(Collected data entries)
....

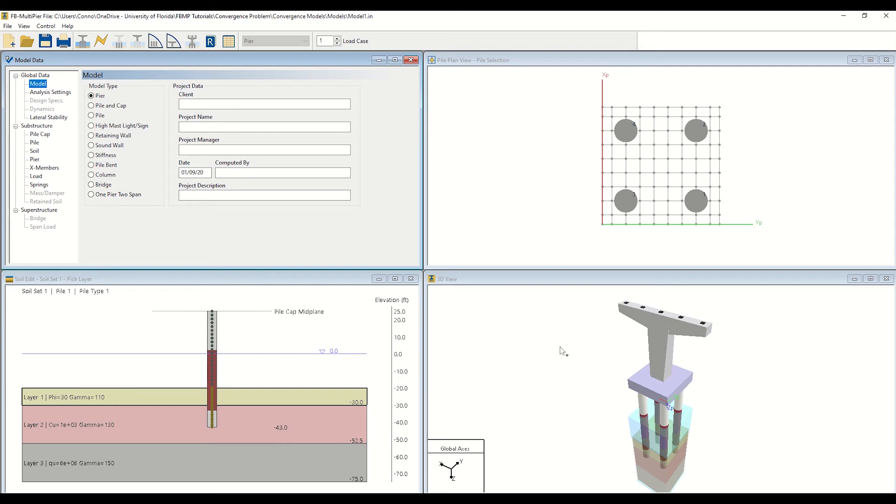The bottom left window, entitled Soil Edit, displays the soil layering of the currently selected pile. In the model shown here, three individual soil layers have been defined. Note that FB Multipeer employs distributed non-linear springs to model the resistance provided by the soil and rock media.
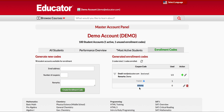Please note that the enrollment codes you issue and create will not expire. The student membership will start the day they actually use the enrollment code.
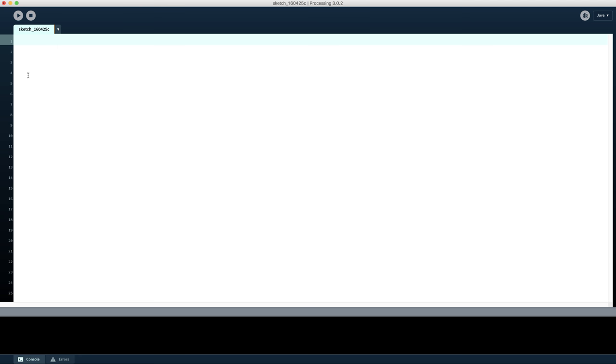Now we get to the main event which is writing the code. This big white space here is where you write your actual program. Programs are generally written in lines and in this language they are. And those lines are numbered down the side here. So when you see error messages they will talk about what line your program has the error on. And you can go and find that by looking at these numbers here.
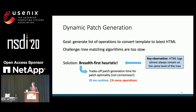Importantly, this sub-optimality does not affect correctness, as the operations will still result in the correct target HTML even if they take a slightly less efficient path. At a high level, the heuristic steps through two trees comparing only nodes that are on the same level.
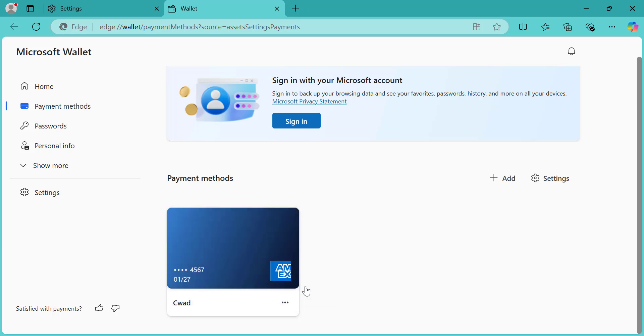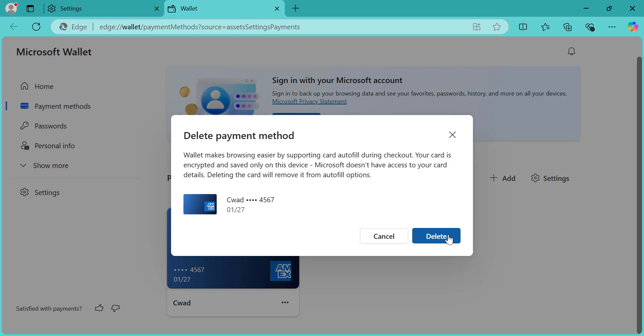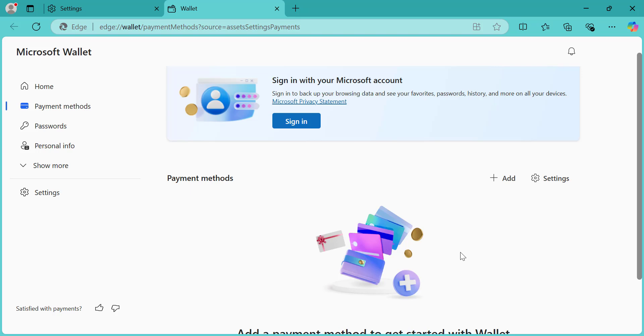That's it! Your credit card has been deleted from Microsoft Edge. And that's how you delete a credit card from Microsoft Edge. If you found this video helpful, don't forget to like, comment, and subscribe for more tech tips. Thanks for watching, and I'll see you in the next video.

....

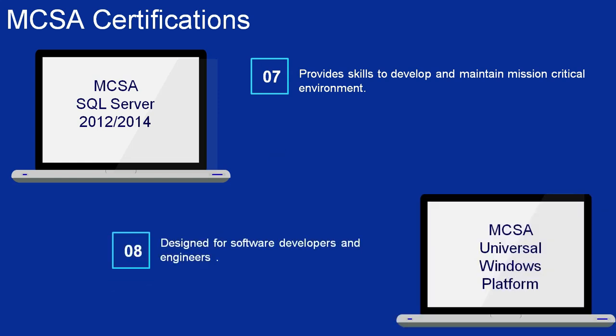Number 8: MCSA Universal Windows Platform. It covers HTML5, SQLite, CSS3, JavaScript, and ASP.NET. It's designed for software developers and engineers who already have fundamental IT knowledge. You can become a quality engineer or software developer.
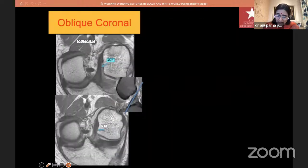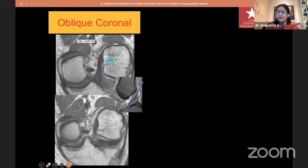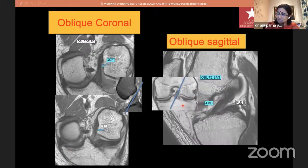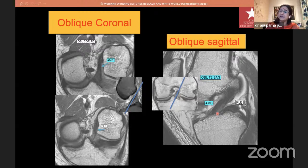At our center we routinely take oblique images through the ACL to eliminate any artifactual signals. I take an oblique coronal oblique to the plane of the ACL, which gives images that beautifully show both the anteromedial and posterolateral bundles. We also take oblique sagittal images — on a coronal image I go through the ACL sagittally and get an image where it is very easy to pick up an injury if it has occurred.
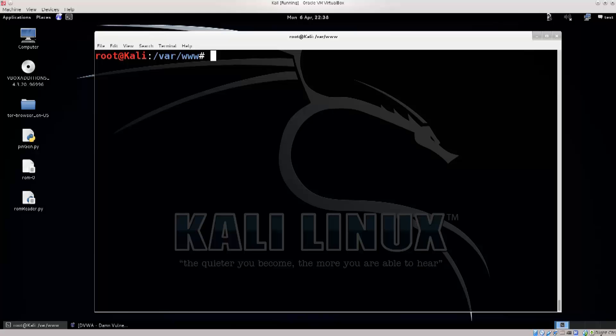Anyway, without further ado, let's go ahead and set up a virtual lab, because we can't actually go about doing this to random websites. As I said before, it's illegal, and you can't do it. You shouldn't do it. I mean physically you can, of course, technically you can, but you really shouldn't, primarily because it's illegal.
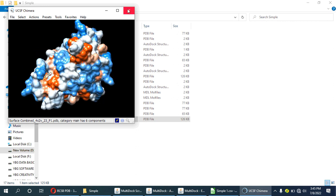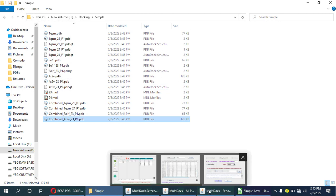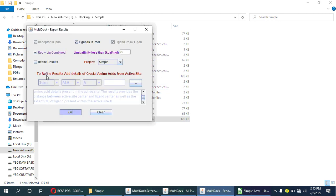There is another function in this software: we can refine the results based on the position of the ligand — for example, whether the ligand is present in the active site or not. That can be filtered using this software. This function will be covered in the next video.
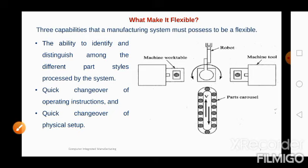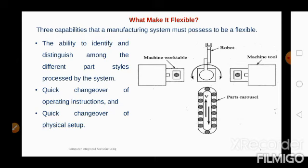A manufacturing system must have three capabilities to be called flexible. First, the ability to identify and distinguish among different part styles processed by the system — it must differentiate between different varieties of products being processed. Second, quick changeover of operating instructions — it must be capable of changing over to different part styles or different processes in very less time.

....

# What this task involves:
An exact copy is needed. It runs from the line above containing "At our center" down to the line containing "A manufacturing system", both included, with no pictures.

# Response to this task:
At our center we routinely take oblique images through the ACL to eliminate any artifactual signals. I take an oblique coronal oblique to the plane of the ACL, which gives images that beautifully show both the anteromedial and posterolateral bundles. We also take oblique sagittal images — on a coronal image I go through the ACL sagittally and get an image where it is very easy to pick up an injury if it has occurred.
Anyway, without further ado, let's go ahead and set up a virtual lab, because we can't actually go about doing this to random websites. As I said before, it's illegal, and you can't do it. You shouldn't do it. I mean physically you can, of course, technically you can, but you really shouldn't, primarily because it's illegal.
There is another function in this software: we can refine the results based on the position of the ligand — for example, whether the ligand is present in the active site or not. That can be filtered using this software. This function will be covered in the next video.
A manufacturing system must have three capabilities to be called flexible. First, the ability to identify and distinguish among different part styles processed by the system — it must differentiate between different varieties of products being processed. Second, quick changeover of operating instructions — it must be capable of changing over to different part styles or different processes in very less time.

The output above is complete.